Mosimane’s face shines with hope and her euphoria increases whenever a South African player dribbles or shoots past the Mexican goalkeeper.
What does the World Cup mean to Mokgalaka Bennie? Not much. The billions spent in the construction of stadiums make no sense to him. This Diepsloot resident, less optimistic than Mosimane, comments on the game and its probable impact on the life of people living in Diepsloot. “We just enjoy the good game, but we should rather be realistic; the World Cup won’t bring a lot to Diepsloot,” He says with a calm and composed voice.
Mokgalaka frowns, stops a while and points at a cluster of shacks covered by dust and continues: “See where we live! Politicians don’t mind the life of those who are living here. They want to mask poverty and the ugly face of this township by building these facilities. They’ll stop the works when the World Cup ends”.
Only minutes after the final whistle, half of the lights in the Fan Park are switched off. The crowd moves towards the gate, less enthusiastic than a few hours ago.
Mokgalaka’s anxiety raises an alarming question. If the government had not been given the World Cup hosting rights, would such big money and the resources that have gone into it been spent on the building of facilities in Diepsloot township?
Sindi Magona and Mphala Mosimane, caught up in the World Cup fever, don’t wonder if their relatives will secure their menial jobs once the 2010 FIFA World Cup has gone or if the government is going to defer or stop the works in their area.
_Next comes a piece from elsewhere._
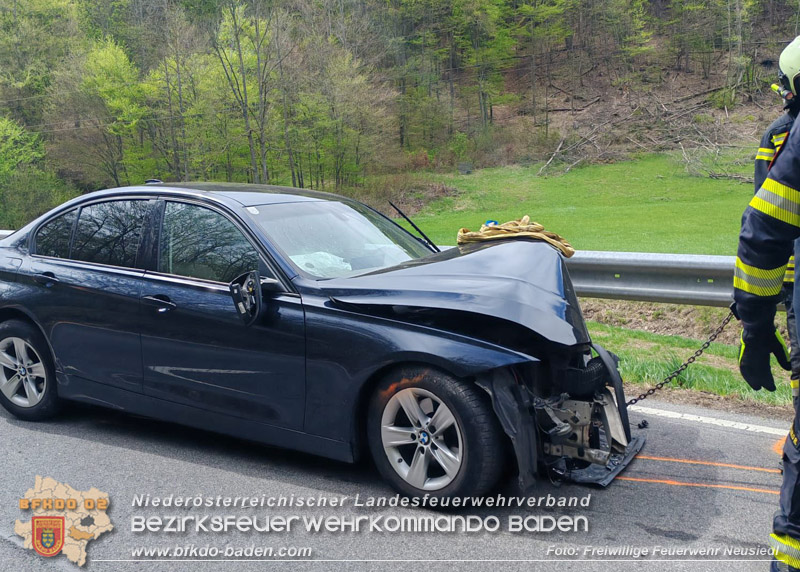 20260423_Frontalzusammensto� zweier PKW auf der L4020 zwischen Neusiedl und Hernstein Foto: FF Neusiedl
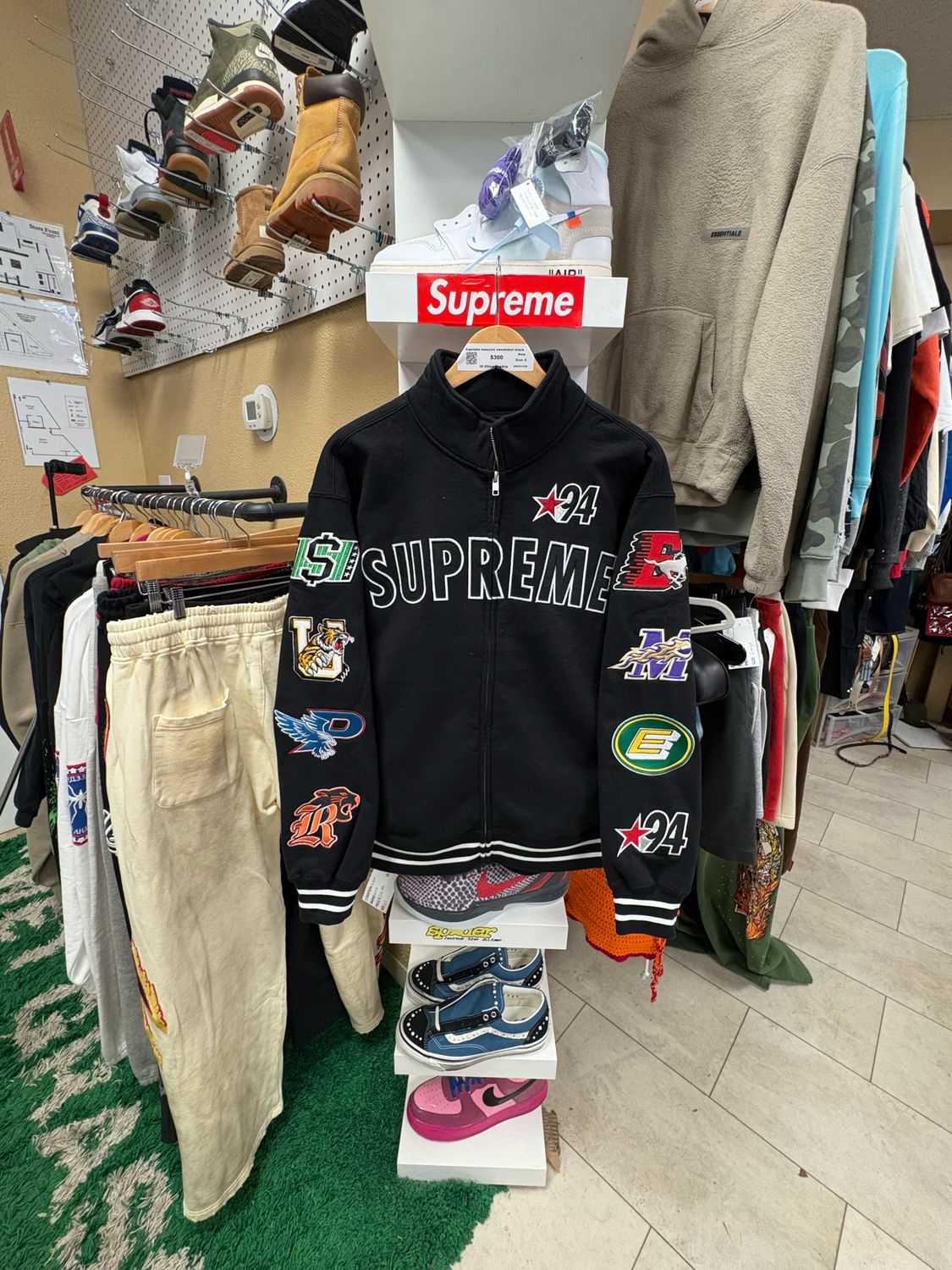 Supreme Mascot Sweatshirt Black Size S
They are less concerned, it seems, with the legacy this World Cup will leave than Mokgalaka is.
This legacy is not often discussed by the media and the ‘inhumane face’ and ‘not-so positive aspect’ of the ‘beautiful game’ are pushed under the carpet.
Most football fans and tourists, who land in gleaming airports across the country, sleep in five-star hotels and luxury guest houses and do their shopping in modern and shiny malls. It is unlikely that they will see the conditions that many South Africans have to cope with in tin shacks in Diepsloot Township.
When on July 11, the Green point Stadium switches off its light after the last whistle has been blown, it will be interesting to see the effective changes football had brought to inhabitants of Diepsloot and other townships.
The real final score and big victory for most ordinary South Africans will not be to see Bafana Bafana lifting up the most coveted trophy, but it will be the long lasting positive impact the 2010 World Cup will leave on the their life. As for every new stadium built for the 2010 FIFA World Cup, there is more need for health centres and better housing for township dwellers who can only dream of sleeping in modern red-tile houses.
Poverty is not going to disappear because the 2010 FIFA World Cup is in South Africa. The lives of people living below the poverty line in Diepsloot Township and in other deprived areas won’t change once the World Cup has gone, but at least they should benefit from it.